En medio de esa realidad aparece la historia de Liliana Montoya, quien lleva 17 años viviendo en Providencia y decidió relacionarse con los caballos desde otra perspectiva.

Su vínculo con los animales parte de un principio básico: el respeto por la vida. En 2012, durante una sequía extrema que se extendió por meses, comenzó a evidenciarse una situación crítica. Caballos –muchos de ellos con dueño– se encontraban sin agua, sin alimento, deambulando por la isla en condiciones precarias. En las noches, su presencia en las carreteras generaba accidentes y ponía en evidencia un abandono que pocas veces se discutía abiertamente.

“Era una situación bastante caótica”, recuerda… Sin mayores recursos, comenzó a recibir caballos desnutridos, heridos y yeguas preñadas.
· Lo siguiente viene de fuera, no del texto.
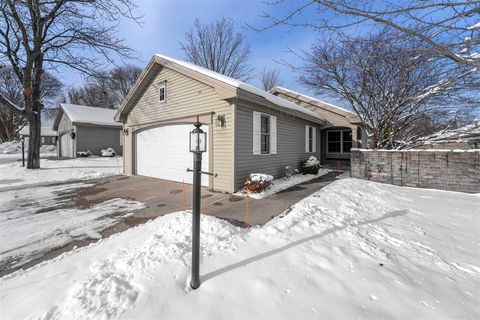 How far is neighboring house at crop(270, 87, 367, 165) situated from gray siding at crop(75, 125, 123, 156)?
628 inches

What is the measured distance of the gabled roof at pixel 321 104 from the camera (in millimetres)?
12094

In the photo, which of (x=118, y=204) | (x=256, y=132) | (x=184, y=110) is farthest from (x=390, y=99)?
(x=118, y=204)

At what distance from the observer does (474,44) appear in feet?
9.55

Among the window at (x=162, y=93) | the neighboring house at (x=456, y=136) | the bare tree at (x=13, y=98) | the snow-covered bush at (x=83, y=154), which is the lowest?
the snow-covered bush at (x=83, y=154)

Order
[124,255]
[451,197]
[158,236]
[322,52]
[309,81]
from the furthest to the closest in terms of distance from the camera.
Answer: [309,81] → [322,52] → [451,197] → [158,236] → [124,255]

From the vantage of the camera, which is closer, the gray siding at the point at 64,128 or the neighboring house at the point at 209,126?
the neighboring house at the point at 209,126

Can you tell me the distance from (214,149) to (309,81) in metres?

Durante años llegó a tener hasta 13 bajo su cuidado. Hoy mantiene siete caballos de forma permanente y ha extendido su labor a perros y gatos, apoyando campañas de esterilización y atención veterinaria.

Más allá del rescate, su apuesta es la educación. “Hay que hacer conciencia, sobre todo en los niños”, dice. Su postura no es de confrontación directa con las carreras. Es una invitación a observar con mayor detenimiento, a cuestionar prácticas y a reconocer que las tradiciones también pueden transformarse.

Porque el debate ya no es blanco o negro. Mientras para algunos las carreras siguen siendo una expresión de identidad, para otros representan una oportunidad para replantear la relación con los animales. Aquí no se trata de borrar lo que somos, sino de entender cómo queremos sostenerlo en el tiempo.

Tal vez el verdadero reto no es elegir entre tradición o bienestar animal, sino comprender que una no debería existir a costa de la otra.

Hoy, Providencia —y también San Andrés— nos encontramos en ese punto. En ese lugar donde las tradiciones se miran al espejo y empiezan a preguntarse si pueden evolucionar sin perder su esencia. Y quizá, como en ese momento en el mar con Balabong, la respuesta no está en dejar atrás la historia, sino en aprender a relacionarnos distinto con ella.